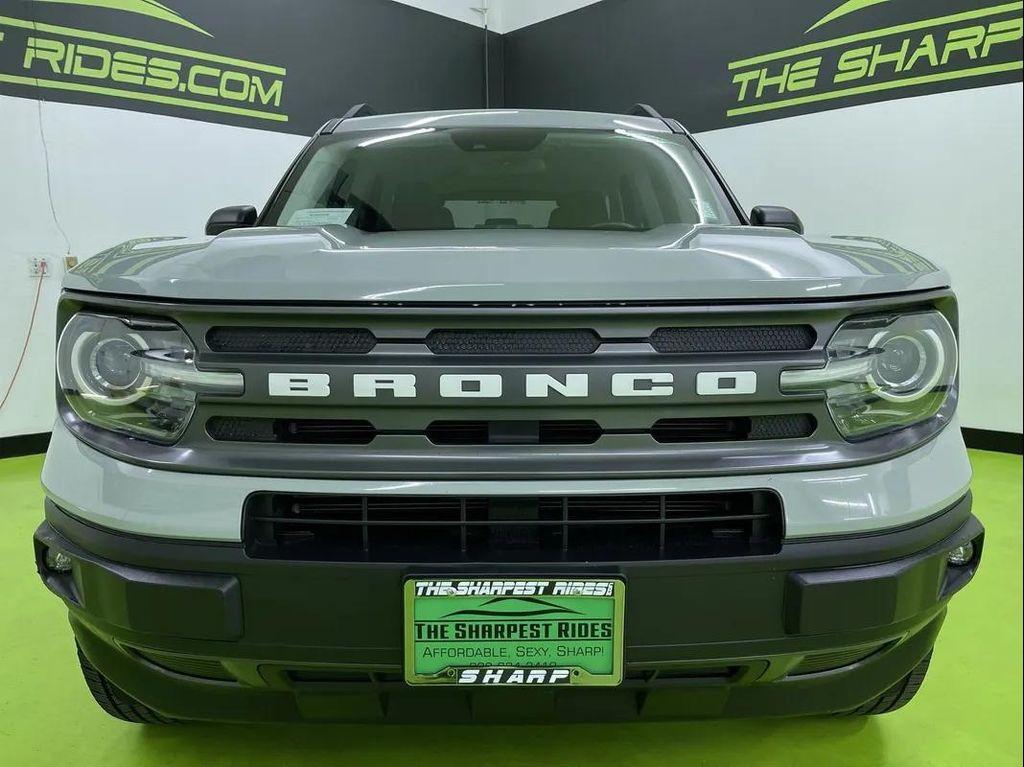 used 2021 Ford Bronco Sport car, priced at $24,988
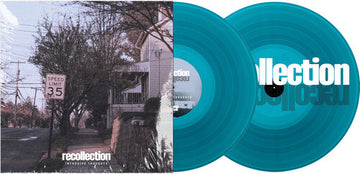 INTRUSIVE THOUGHTS (TRANSPARENT OCEAN BLUE VINYL/SILK-SCREENED B-SIDE) | VINYL RECORD (LP)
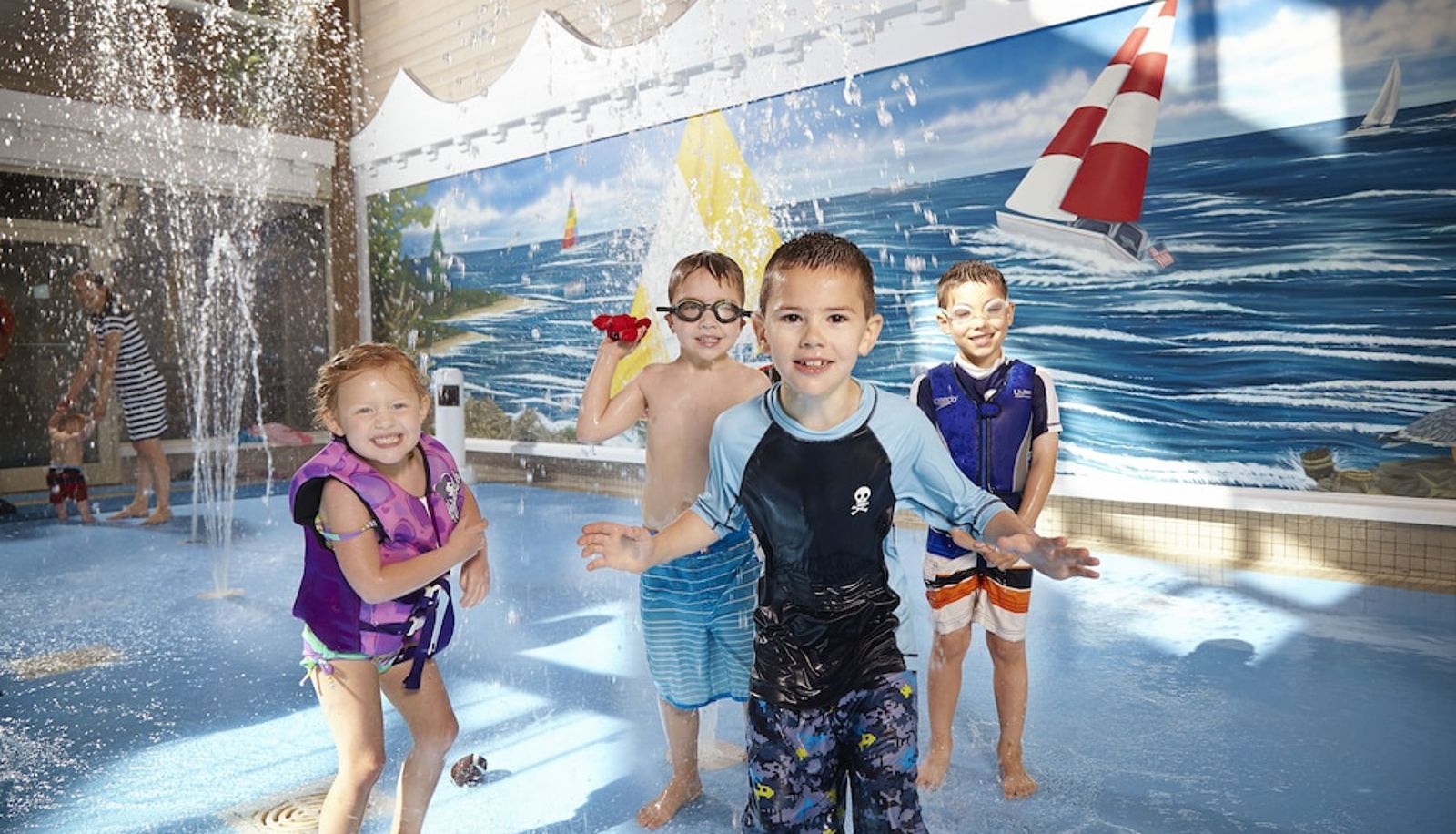 Pool - Maumee Bay Lodge and Conference Center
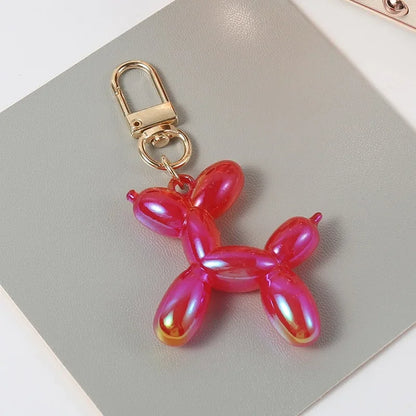 Porte clé chien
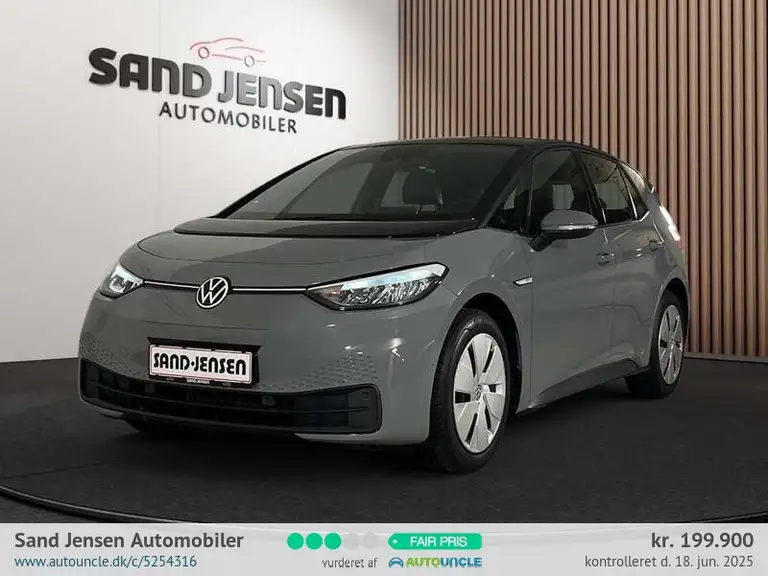 VW ID.3 Pro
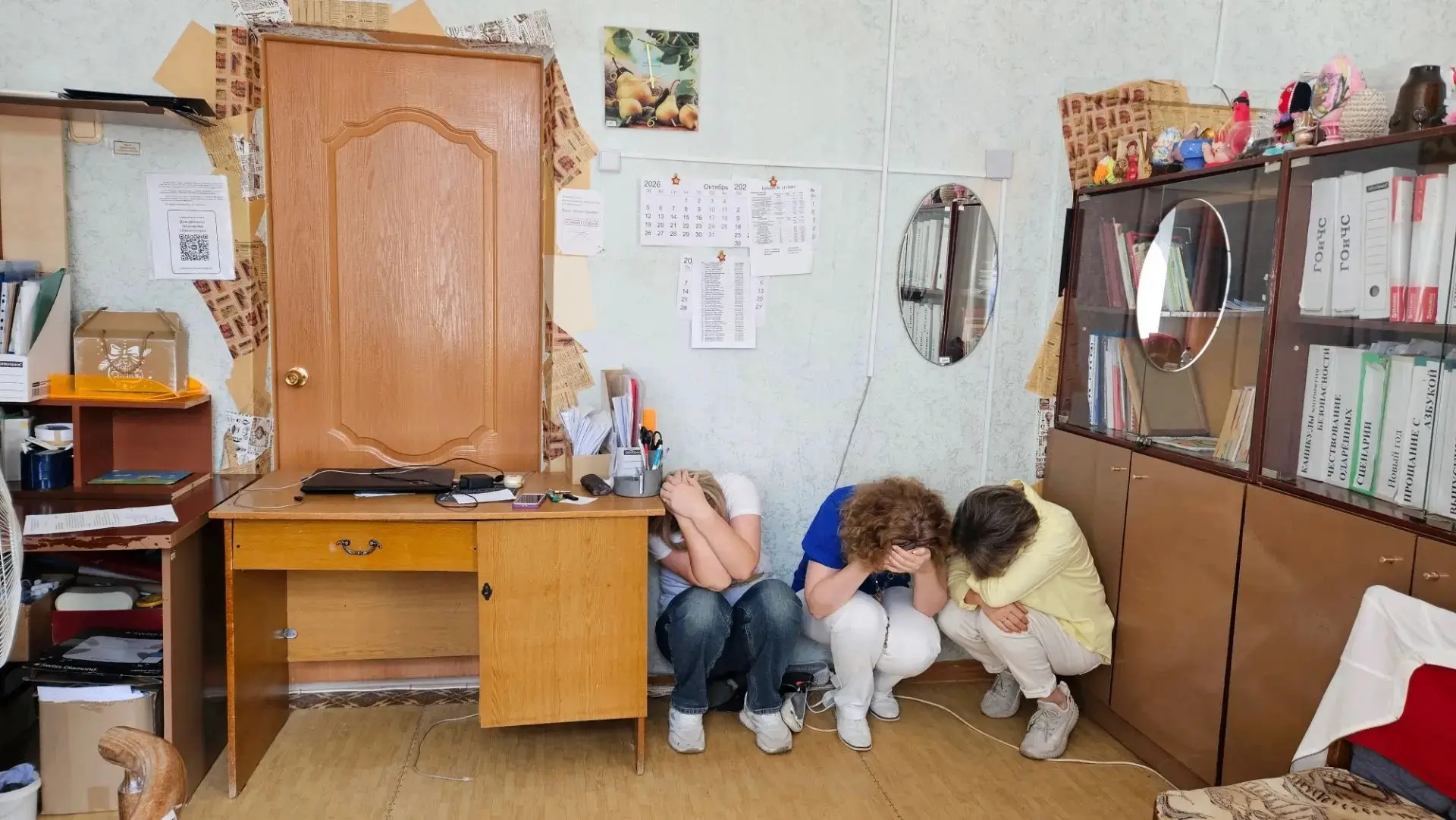 19 августа сотрудники Дома детского творчества присоединились к проведению всероссийско...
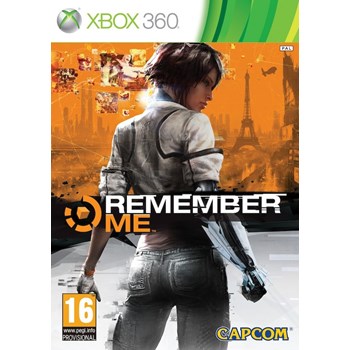 Joc Remember Me pentru Xbox 360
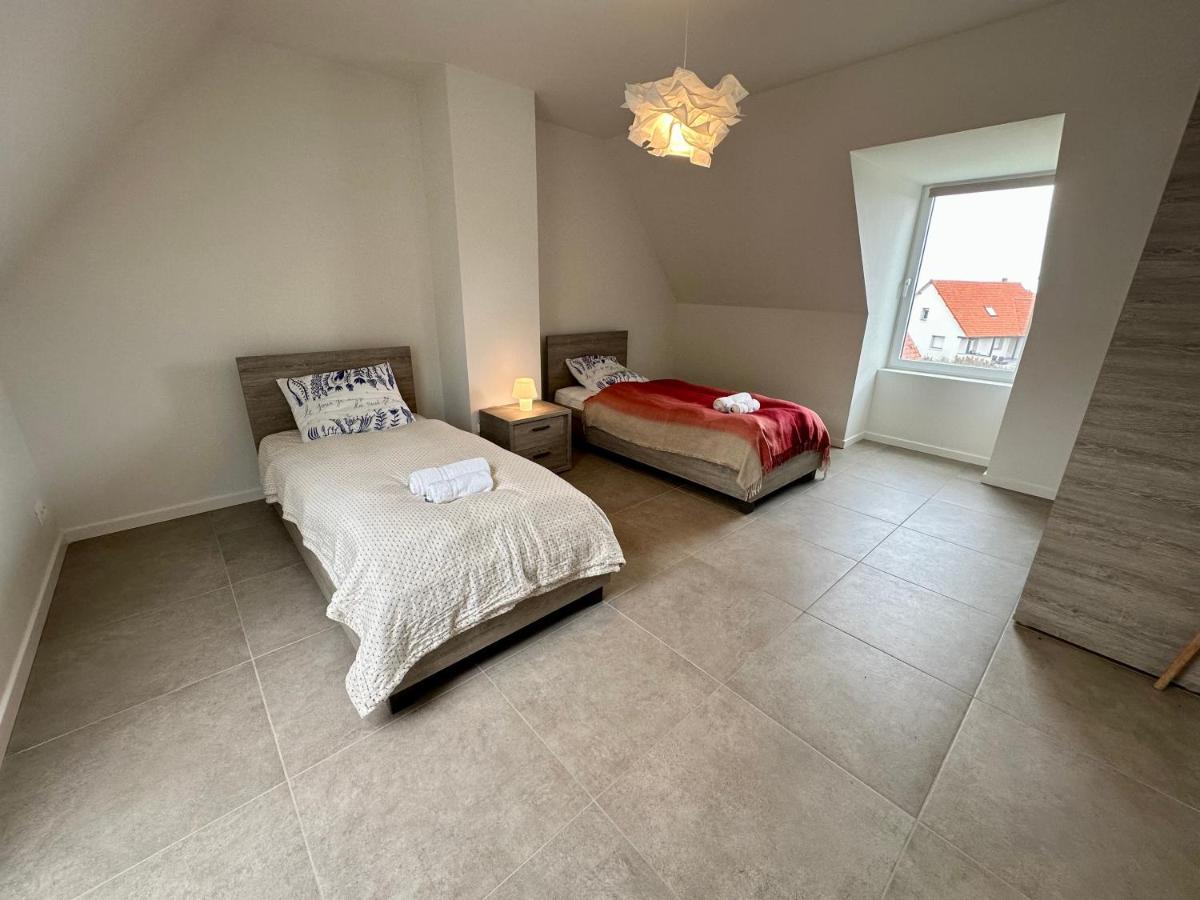 La Lumineuse Villa Tardinghen Eksteriør billede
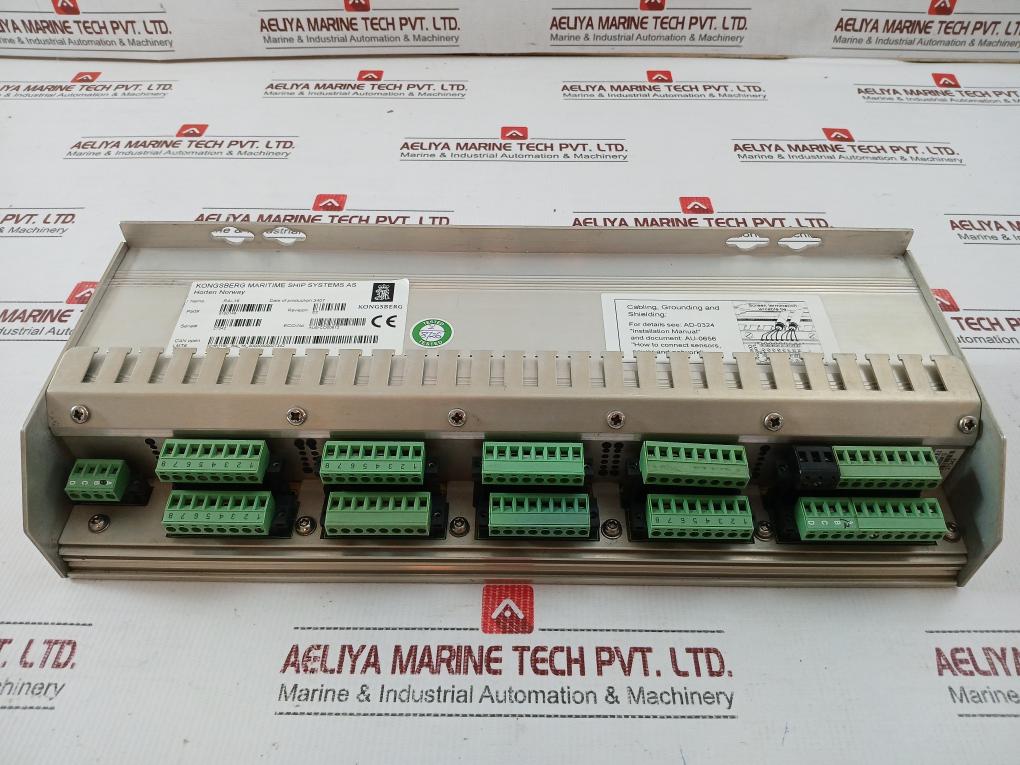 Remote-Analog-Input-Module-Rev-E1-Kongsberg-Rai-16-8100148-2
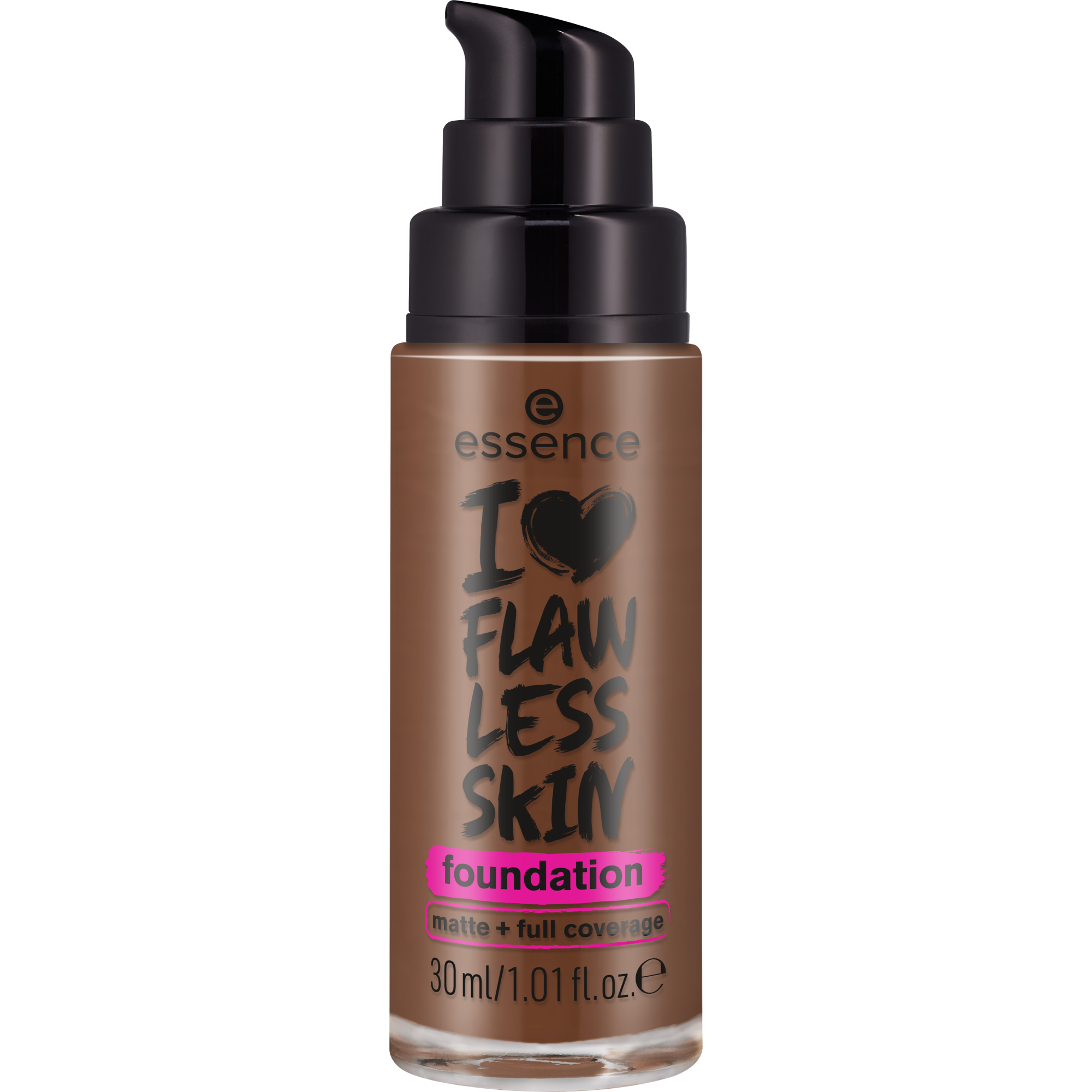 I LOVE FLAWLESS SKIN foundation fond de teint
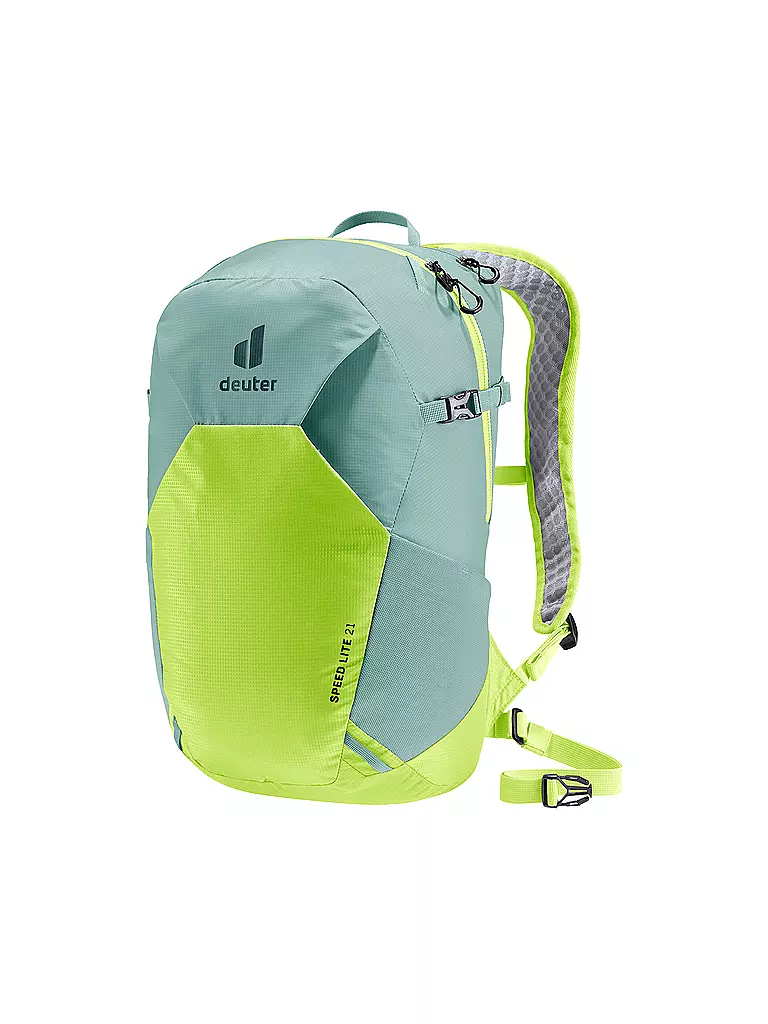 DEUTER | Mochila de senderismo Speed Lite 21 | Menta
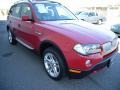 Crimson Red - X3 3.0si Photo No. 7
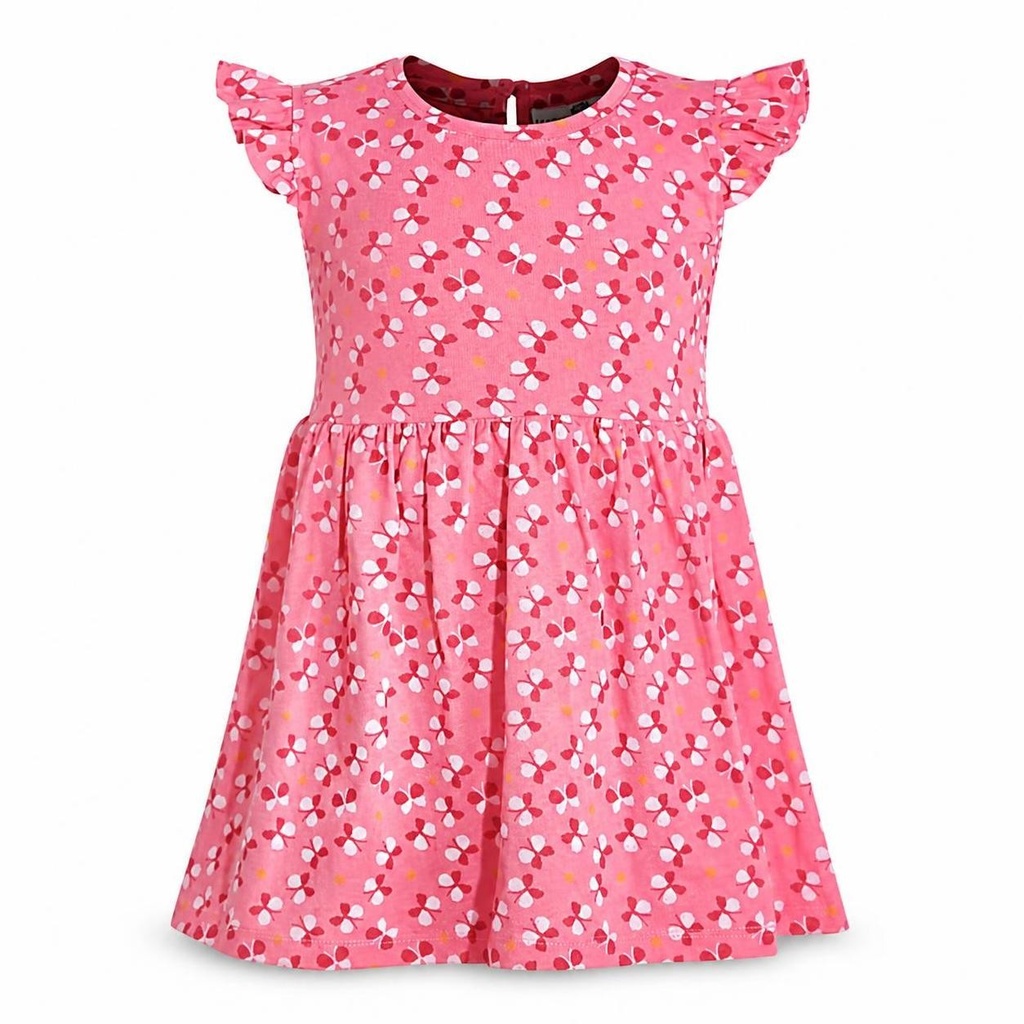 Happy Girls Kleid pink 13251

******************************

Skip every picture. Repeat word for word the lines from the line holding "Crimson Red - X3 3.0si Photo No. 7" through the end of the entries above.

RESULT FOR THIS EXERCISE —
 Crimson Red - X3 3.0si Photo No. 7
 Happy Girls Kleid pink 13251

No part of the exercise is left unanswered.